Screening Assistant 2

Searching molecules

Last edited: 04/11/2011
By: VL
Sourceforge: SA2 website
Help: SA2 forums
Documentation index

In this page, you will learn how to search for specific molecules in your database. There are various ways of searching molecules in SA2, including similarity, substructure, exact structure... We will describe how to use them, a point-out their advantages and limitations.

Name search
Exact structure search
Similarity search
Substructure search
SMARTS search

Name search - top

You can search molecules using a name pattern that will be used to match the original IDs (the ID field that you had selected when importing your molecules). To do so, a text field is available on the top toolbar:

An image

To search for molecules using this text field, simply enter the name, or part of the name of your molecule(s), and either press enter, or the button located on the left of the text field. Once done, all molecules that match the entered name will be retrieved and displayed in a results frame.

An image

You can then perform all operations available on the right toolbar, such as saving your results in a new library, adding your results to an existing library, or simply deleting your molecules from the database.

Note that regular expressions are not supported. However, substrings are.
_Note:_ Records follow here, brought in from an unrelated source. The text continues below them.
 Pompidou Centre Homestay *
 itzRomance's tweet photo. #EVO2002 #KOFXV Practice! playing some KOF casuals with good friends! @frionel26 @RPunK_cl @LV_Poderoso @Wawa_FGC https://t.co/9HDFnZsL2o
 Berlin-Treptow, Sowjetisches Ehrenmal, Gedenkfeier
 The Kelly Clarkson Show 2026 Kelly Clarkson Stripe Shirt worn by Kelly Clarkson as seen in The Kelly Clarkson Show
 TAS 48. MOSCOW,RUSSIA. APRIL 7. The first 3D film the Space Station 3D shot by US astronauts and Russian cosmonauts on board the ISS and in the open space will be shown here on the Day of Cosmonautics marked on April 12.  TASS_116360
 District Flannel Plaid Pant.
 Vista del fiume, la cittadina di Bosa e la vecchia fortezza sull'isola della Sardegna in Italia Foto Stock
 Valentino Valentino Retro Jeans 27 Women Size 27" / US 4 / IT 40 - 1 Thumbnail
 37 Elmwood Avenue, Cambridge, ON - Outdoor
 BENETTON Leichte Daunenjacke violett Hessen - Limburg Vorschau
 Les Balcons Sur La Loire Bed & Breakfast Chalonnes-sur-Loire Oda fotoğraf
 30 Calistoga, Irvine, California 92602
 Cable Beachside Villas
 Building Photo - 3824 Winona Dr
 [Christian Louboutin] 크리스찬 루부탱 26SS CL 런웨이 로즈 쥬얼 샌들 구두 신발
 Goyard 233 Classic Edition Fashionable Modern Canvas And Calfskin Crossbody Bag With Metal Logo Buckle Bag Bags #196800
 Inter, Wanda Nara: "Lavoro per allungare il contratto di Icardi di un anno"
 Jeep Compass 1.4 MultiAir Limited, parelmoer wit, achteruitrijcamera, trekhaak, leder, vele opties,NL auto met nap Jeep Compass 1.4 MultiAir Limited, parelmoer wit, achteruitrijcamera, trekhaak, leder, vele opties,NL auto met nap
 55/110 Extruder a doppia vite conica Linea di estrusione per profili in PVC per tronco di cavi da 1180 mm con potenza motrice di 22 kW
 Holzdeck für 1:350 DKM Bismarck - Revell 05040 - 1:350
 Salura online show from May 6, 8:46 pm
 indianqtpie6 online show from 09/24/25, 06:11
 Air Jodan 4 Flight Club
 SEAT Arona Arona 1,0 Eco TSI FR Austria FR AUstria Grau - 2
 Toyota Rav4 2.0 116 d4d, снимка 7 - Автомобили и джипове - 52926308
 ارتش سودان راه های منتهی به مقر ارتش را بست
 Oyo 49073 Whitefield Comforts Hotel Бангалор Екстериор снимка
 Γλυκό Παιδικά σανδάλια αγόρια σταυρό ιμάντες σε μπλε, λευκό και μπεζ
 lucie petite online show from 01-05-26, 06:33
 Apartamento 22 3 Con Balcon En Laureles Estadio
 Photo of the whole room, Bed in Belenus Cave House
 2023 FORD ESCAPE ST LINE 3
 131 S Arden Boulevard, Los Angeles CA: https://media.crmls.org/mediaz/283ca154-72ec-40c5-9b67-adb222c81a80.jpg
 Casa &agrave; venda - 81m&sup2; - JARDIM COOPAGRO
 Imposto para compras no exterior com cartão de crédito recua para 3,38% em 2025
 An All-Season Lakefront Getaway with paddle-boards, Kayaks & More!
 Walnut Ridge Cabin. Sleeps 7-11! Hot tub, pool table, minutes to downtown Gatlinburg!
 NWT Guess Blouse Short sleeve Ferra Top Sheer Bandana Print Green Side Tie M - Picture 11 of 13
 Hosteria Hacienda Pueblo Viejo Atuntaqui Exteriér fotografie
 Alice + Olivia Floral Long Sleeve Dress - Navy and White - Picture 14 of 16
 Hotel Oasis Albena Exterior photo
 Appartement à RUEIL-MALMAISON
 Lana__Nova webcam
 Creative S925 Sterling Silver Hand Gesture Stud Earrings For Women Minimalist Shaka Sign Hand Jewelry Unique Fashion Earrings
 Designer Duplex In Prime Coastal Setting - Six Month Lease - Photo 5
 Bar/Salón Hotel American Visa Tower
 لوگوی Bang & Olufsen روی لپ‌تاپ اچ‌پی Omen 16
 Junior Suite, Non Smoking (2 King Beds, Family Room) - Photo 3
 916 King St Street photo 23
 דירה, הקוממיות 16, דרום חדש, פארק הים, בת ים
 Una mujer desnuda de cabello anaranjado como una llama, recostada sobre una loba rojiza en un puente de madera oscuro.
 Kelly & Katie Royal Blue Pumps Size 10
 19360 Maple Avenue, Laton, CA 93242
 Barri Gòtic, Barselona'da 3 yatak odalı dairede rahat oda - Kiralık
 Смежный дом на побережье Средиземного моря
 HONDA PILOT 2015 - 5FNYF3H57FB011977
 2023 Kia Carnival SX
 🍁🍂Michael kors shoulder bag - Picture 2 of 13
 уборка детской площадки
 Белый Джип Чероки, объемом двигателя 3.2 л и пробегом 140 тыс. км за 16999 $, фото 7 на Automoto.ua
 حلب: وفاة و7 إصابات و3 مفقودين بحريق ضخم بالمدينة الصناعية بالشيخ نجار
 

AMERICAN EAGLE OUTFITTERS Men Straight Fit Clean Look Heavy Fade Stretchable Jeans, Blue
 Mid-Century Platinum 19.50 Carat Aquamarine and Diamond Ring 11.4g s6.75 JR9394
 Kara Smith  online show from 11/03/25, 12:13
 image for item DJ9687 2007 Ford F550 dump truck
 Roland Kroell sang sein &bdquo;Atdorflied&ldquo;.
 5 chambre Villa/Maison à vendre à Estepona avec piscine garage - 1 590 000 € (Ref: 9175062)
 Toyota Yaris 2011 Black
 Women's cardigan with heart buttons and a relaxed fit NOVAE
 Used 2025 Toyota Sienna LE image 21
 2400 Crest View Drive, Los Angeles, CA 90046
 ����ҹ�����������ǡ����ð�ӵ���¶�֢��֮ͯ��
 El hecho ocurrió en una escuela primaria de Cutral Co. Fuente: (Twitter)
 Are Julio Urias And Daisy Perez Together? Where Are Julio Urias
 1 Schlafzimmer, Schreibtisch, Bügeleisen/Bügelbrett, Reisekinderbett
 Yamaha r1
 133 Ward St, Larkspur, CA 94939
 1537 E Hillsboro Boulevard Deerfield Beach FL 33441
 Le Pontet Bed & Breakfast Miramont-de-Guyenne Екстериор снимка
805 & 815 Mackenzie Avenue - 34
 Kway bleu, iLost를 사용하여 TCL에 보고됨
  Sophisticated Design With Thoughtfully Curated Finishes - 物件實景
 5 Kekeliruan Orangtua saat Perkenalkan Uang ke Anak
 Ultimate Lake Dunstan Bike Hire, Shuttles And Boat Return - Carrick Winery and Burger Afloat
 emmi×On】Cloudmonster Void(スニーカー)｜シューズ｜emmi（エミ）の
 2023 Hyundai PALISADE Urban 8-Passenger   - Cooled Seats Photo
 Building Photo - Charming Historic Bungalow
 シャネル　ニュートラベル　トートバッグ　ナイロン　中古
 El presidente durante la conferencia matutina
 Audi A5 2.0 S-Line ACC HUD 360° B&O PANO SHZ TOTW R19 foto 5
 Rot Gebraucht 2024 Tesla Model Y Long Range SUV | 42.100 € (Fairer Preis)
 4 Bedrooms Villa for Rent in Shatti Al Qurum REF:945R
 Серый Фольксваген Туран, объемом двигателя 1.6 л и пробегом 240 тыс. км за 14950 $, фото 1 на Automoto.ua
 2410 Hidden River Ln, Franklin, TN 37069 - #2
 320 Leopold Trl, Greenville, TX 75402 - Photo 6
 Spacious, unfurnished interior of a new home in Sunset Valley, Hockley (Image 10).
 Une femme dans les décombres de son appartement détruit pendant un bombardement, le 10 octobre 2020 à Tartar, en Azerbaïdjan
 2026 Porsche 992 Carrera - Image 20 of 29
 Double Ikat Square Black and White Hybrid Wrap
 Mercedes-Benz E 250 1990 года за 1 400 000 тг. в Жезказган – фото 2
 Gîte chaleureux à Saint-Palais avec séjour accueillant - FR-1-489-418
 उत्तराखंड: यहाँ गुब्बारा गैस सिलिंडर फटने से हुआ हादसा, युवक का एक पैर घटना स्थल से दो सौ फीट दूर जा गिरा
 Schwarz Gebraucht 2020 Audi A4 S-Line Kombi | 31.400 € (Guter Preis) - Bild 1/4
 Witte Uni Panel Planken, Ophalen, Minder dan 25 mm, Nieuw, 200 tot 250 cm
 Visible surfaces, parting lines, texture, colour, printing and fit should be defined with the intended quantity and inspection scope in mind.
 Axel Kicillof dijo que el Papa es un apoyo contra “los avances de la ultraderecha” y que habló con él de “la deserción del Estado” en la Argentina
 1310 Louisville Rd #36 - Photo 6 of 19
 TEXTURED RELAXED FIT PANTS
If your type 'a' as a search query, all molecules that contain the 'a' letter in their name will be retrieved.

Exact structure search - top

You can also search for a specific structure by sketching it and searching the sketched structure in the database. To do so, either use the toolbar shortcut , or the menu Compute->Exact Structure search. You will be asked to draw your query molecule in the available sketcher (JChemPaint by default).

An image

To perform the exact search, SA2 will compute the InChI identifier of your query, and search for it in the database. The search is therefore quite strict: although tautomers are handled, if you e.g. search for a carboxylic acid in its neutral form and that you enter the negative form, you will not retrieve your molecule.

The results will be displayed in the same window as previously described, or a message will be displayed if the molecule could not be found or if your query molecule could not be processed by the InChI program.

Similarity search - top

Looking for similar molecules is particularily usefull in many aspects of drug discovery. The interesting part of similarity search is that there is no absolute definition of the similarity between two molecules, neither there is an absolute way of quantifying this similarity. Thus, you will need to choose the description of your molecules, and the metric quantifying the similarity between two descriptions, to perform similarity search. This choice will usually be guided by your own specific requirements.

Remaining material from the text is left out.